◆ WHAT IS REQUIRED ◆
Below are records with pictures in them. Output exactly the lines from the one with "Casa com 120m²" through the one with "李一桐的腿太美啦,纤细修长,线条流畅,让人羡慕不已.", both included, and leave every picture out; give only those lines.

◆ MATERIAL FOR THIS TASK ◆
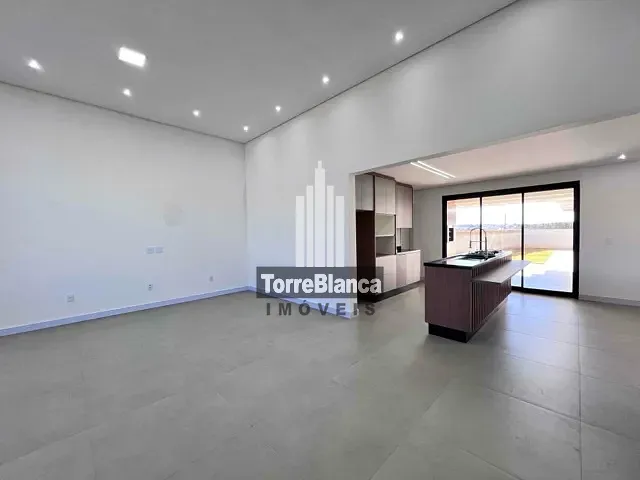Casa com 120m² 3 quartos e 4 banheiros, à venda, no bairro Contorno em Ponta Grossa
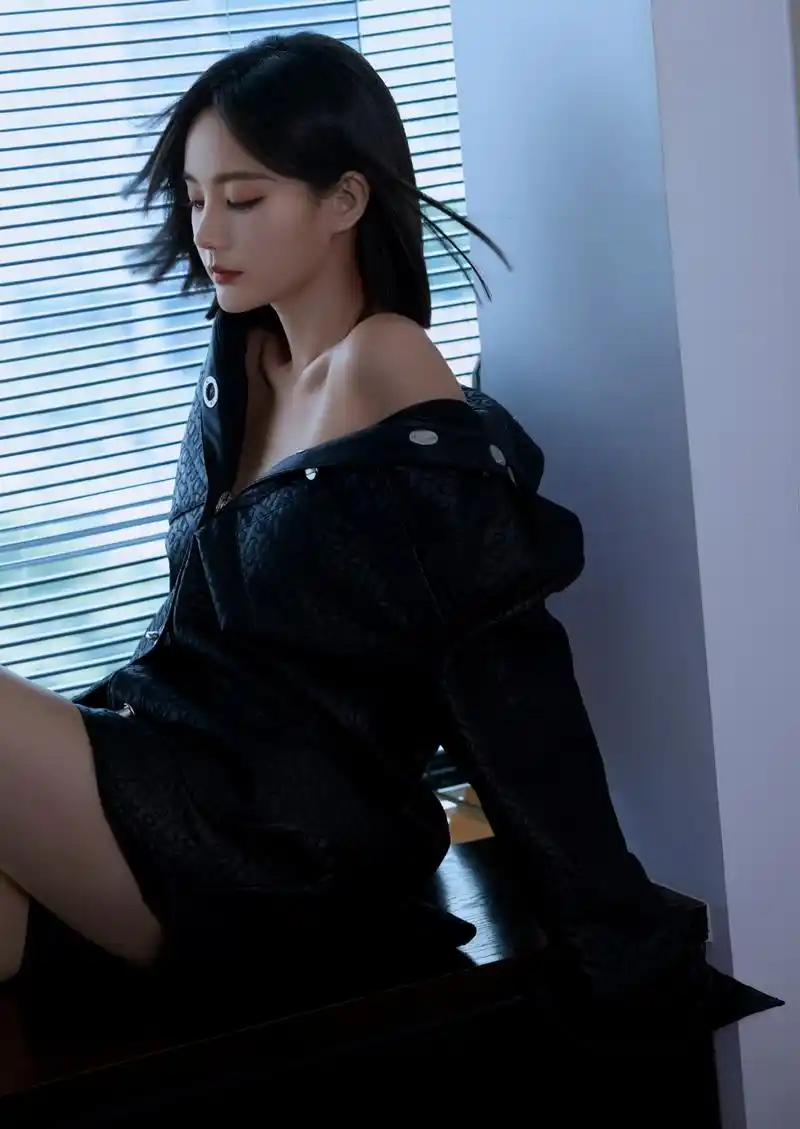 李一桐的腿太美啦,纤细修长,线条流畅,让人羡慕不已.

==

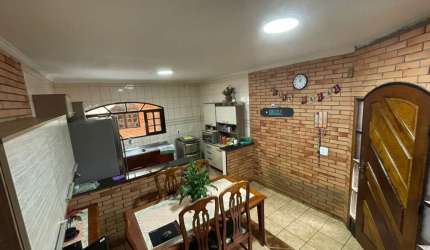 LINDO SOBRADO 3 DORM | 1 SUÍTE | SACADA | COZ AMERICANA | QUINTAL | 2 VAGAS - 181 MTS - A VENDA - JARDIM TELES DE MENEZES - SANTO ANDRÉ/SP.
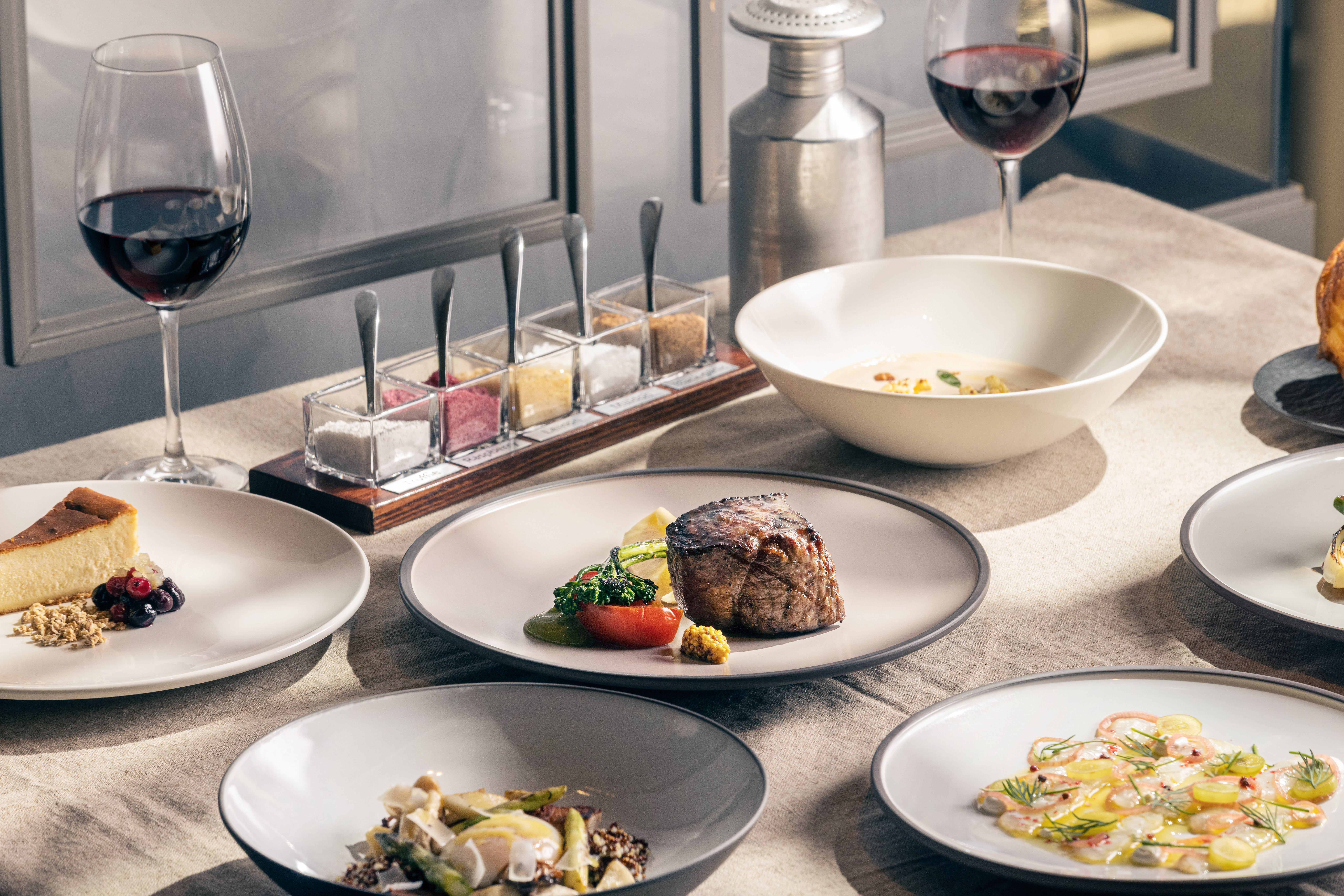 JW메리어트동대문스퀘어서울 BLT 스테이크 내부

* * *

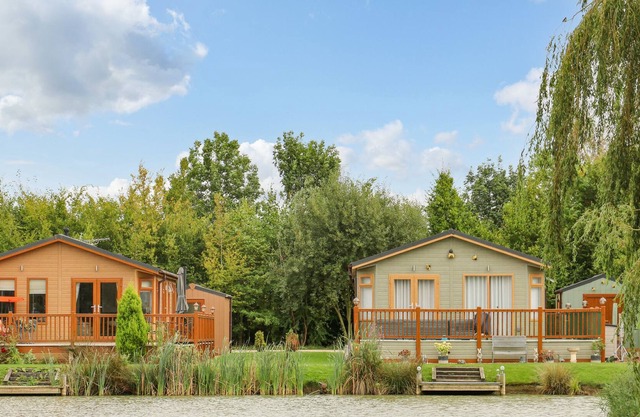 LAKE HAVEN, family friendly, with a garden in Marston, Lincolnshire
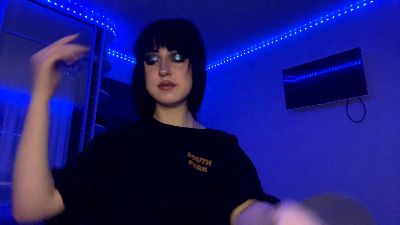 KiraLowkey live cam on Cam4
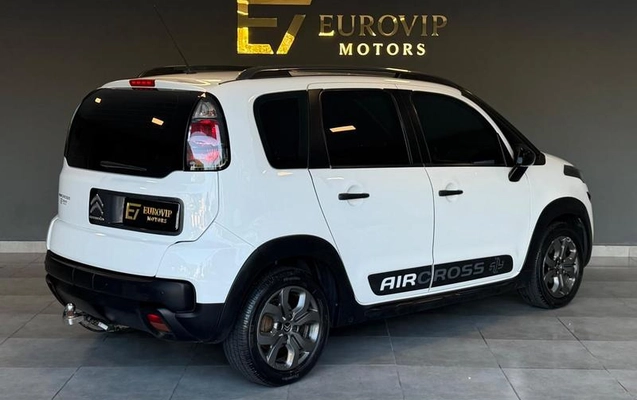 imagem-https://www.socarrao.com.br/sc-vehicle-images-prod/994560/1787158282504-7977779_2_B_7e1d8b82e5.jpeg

◆ RESPONSE TO THIS EXERCISE ◆
Casa com 120m² 3 quartos e 4 banheiros, à venda, no bairro Contorno em Ponta Grossa
 李一桐的腿太美啦,纤细修长,线条流畅,让人羡慕不已.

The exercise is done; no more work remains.